═════ INPUT DATA

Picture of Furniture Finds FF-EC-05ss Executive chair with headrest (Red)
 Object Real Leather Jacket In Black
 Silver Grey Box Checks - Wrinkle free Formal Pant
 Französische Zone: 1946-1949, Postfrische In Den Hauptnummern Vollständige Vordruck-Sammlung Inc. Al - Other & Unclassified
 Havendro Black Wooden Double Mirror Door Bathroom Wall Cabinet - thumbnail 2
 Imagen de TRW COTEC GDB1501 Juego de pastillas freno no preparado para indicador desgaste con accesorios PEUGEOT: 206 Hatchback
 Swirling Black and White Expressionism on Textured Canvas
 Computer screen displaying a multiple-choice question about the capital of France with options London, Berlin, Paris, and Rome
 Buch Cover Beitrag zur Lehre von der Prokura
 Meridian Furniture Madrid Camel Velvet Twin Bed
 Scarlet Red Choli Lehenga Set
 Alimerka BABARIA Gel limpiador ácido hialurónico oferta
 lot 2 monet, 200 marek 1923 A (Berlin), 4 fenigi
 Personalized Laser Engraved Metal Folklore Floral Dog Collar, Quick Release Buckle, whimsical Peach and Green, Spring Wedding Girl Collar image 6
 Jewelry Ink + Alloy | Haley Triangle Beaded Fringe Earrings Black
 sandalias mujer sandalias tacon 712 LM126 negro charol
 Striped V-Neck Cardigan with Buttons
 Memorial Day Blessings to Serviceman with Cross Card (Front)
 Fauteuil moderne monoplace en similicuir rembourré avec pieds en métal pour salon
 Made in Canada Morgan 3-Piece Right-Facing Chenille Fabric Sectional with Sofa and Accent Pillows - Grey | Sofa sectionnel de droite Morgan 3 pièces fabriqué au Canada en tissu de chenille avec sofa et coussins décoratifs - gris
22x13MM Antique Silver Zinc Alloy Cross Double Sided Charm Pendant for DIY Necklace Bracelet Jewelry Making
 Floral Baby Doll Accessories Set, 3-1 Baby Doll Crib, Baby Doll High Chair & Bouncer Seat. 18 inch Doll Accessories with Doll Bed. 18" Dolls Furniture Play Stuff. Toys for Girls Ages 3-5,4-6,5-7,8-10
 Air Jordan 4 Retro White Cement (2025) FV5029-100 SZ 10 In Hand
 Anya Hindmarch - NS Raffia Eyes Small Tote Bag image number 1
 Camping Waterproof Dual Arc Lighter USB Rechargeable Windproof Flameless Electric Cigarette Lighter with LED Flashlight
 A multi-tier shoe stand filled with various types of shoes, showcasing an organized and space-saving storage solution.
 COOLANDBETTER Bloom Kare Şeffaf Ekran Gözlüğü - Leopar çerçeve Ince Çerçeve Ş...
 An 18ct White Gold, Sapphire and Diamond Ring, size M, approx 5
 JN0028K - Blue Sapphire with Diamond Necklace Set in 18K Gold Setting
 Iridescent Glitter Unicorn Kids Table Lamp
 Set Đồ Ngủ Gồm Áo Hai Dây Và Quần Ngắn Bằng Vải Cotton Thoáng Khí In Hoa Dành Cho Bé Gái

══════════

▸ ABOUT THIS TASK: All lines in the data above from the one with "Made in Canada" through the one with "Floral Baby Doll" must be repeated exactly, and no others.

▸ SOLUTION TO THIS PROBLEM:
 Made in Canada Morgan 3-Piece Right-Facing Chenille Fabric Sectional with Sofa and Accent Pillows - Grey | Sofa sectionnel de droite Morgan 3 pièces fabriqué au Canada en tissu de chenille avec sofa et coussins décoratifs - gris
22x13MM Antique Silver Zinc Alloy Cross Double Sided Charm Pendant for DIY Necklace Bracelet Jewelry Making
 Floral Baby Doll Accessories Set, 3-1 Baby Doll Crib, Baby Doll High Chair & Bouncer Seat. 18 inch Doll Accessories with Doll Bed. 18" Dolls Furniture Play Stuff. Toys for Girls Ages 3-5,4-6,5-7,8-10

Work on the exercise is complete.